Saturday, October 13, 2007

Republicrats

I was searching through old articles on the web, and I came across this gem posted by Kate:

Friday, March 16, 2007

The Doctor Is In!

To celebrate Ron Paul's official announcement, we thought we'd kick off a blog that will challenge everything you've been taught about the great American political "divide." So here's the first installment of why Ron Paul is the candidate for the right and the left.

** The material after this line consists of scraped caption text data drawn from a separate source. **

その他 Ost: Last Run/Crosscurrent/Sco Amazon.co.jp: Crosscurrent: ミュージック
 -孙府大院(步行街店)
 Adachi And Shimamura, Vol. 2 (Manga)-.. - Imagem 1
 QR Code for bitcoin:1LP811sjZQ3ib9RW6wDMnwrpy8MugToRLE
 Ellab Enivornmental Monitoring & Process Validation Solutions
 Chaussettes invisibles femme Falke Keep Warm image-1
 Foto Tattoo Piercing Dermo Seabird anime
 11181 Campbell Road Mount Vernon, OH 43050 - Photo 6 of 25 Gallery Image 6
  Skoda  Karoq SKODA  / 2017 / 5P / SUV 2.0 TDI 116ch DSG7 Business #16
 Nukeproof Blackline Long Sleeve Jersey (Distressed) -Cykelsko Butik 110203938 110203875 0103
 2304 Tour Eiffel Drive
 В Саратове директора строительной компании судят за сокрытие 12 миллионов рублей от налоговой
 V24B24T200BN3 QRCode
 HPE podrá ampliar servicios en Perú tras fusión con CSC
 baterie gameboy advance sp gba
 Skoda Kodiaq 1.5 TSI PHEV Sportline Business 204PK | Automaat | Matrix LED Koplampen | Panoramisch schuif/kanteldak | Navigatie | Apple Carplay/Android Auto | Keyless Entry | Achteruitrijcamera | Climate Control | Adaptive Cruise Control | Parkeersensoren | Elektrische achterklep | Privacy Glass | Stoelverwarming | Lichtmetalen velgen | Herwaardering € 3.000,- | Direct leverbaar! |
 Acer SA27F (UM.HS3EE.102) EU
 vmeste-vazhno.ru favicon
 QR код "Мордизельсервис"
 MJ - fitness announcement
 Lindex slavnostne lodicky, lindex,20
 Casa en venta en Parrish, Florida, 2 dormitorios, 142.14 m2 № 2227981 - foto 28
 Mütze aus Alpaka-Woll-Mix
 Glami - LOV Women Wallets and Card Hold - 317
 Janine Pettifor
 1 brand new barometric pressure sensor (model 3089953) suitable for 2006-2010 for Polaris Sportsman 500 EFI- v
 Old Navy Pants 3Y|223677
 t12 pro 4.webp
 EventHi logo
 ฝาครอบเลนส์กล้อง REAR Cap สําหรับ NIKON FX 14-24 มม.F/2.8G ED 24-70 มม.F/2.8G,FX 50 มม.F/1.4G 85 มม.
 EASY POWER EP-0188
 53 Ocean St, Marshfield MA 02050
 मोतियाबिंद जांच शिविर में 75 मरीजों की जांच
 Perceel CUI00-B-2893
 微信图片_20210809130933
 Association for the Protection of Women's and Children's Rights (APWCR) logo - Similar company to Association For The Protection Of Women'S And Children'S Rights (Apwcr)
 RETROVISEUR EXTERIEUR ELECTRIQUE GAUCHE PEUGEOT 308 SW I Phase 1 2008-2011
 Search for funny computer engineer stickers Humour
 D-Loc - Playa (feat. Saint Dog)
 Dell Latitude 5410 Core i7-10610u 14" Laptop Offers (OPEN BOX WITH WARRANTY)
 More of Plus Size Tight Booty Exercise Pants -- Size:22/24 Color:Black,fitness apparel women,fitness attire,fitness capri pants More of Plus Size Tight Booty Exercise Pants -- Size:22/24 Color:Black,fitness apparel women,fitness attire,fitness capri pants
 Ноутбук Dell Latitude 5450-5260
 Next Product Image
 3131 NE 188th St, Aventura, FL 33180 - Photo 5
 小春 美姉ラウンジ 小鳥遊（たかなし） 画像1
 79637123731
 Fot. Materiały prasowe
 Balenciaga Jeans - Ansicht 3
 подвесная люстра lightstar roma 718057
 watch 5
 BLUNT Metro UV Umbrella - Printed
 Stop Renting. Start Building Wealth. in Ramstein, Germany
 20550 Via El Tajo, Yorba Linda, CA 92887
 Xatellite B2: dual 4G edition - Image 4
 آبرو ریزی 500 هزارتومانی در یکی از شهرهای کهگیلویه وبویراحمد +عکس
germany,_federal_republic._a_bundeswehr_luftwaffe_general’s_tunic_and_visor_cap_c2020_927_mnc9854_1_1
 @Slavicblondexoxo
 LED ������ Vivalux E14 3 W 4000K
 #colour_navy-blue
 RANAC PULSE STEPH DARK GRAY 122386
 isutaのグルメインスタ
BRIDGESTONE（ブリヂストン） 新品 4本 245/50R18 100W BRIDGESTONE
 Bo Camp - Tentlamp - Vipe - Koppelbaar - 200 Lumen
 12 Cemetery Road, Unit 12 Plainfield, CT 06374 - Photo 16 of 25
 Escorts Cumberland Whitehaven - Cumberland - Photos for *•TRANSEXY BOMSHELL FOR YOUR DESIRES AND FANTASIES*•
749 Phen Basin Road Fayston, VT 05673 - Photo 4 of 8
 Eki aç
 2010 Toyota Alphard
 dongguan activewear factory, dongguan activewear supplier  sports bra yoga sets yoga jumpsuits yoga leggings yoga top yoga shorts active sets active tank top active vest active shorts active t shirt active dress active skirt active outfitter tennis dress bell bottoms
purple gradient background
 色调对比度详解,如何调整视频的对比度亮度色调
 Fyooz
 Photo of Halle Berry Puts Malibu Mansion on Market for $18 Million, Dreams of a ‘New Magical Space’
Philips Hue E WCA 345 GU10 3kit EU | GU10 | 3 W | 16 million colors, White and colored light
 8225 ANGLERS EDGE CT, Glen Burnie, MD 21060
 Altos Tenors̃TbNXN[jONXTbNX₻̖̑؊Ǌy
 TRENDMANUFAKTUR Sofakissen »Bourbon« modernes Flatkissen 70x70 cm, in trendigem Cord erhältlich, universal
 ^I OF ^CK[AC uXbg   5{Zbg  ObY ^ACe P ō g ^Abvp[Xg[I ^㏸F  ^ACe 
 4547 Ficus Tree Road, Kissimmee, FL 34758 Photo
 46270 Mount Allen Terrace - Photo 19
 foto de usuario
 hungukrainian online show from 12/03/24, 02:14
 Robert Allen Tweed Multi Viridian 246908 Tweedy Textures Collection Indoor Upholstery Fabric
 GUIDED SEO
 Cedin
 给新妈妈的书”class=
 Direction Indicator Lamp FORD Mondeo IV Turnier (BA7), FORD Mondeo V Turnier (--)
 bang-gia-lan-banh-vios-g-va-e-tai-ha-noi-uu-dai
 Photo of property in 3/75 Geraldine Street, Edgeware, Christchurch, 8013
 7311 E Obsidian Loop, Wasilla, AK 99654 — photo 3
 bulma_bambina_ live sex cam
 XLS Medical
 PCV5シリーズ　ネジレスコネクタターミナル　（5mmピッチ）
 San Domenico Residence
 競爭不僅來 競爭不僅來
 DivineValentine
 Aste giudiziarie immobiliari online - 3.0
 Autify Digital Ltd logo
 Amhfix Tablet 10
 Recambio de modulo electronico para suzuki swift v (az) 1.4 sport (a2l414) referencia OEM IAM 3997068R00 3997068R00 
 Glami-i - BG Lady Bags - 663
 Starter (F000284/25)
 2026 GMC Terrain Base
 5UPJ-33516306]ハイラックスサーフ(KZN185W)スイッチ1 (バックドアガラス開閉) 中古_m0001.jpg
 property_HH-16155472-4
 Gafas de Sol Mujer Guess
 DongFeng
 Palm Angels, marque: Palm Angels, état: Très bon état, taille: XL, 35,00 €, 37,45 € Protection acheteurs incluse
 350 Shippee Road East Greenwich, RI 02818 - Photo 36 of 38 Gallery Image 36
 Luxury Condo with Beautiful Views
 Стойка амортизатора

For the last few election cycles, we've heard a lot about moderate politics, with each side accusing the other of partisanship and an interparty nastiness that didn't exist in the good old days. The implication is that whichever "We" is speaking are the white hats, the principled people who are willing to converse civilly and reach consensus. And "We" are also sure that the great mass of the American people are "moderates," too, not in-fighting extremists. "We" can bring the country together because "We" represent the midpoint between two poles.

It's time to ask what part of that nonsense speaks to the American people.

What is the midpoint between "yes" and "no"? What is the compromise between "up" and "down"? If you know you want to turn, but you don't know whether to go left or right, what exactly is the use of marching straight ahead?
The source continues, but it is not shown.